Any reason why the resultant cto.coreml model would be slower than its cto.torch counterpart? Is the on-device graph compiler potentially missing something? It's basically the same speed as the FP16 model...
maximum model compression
Compressing more ops only give you smaller disk size of the model. If an op' compression is not well supported by the hardware, it could hurt the latency (based on your experiment results). So it's more like a case-by-case preference. If latency is important to you, please go ahead with the better latency one (cto.torch).
@junpeiz, I guess I am trying to understand how to achieve this stated INT8-INT8 performance increase?
In newer hardware with A17 Pro or M4 chips, such as iPhone 15 Pro, there is increased throughput possible for int8-int8 compute on Neural Engine, compared to previous versions
Looking at the ONNX of the vanilla ViT, the graph seems to have many MatMul nodes. Is there no native NPU support for INT8-INT8 MatMul (like INT8-INT8 GEMM on GPU)? Or is there only support for convs, which would explain why the other example architectures (MobileNet, ResNet, MobileViT) see speedups?

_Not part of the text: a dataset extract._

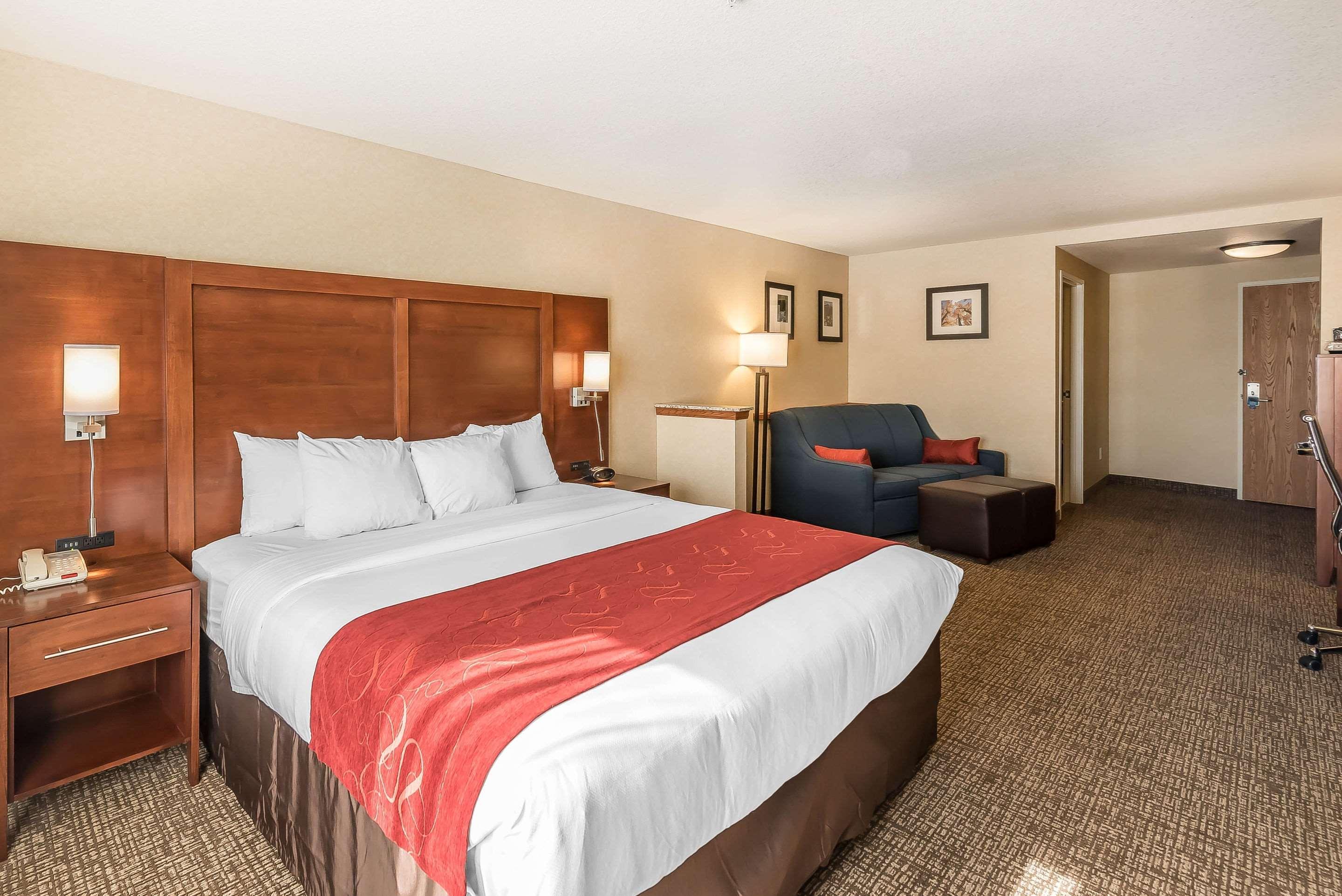 Comfort Suites Longmont Εξωτερικό φωτογραφία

I guess I am trying to understand how to achieve this stated INT8-INT8 performance increase?
I think @aseemw has more context about the benchmark you were referring to.
In my above benchmark, I exported these models with macOS14 minimum target (which does not use fused SDPA op). However, when I set macOS15 minimum target (which uses fused SDPA op), I also do not see any performance boost on either the cto.torch and cto.coreml exported models.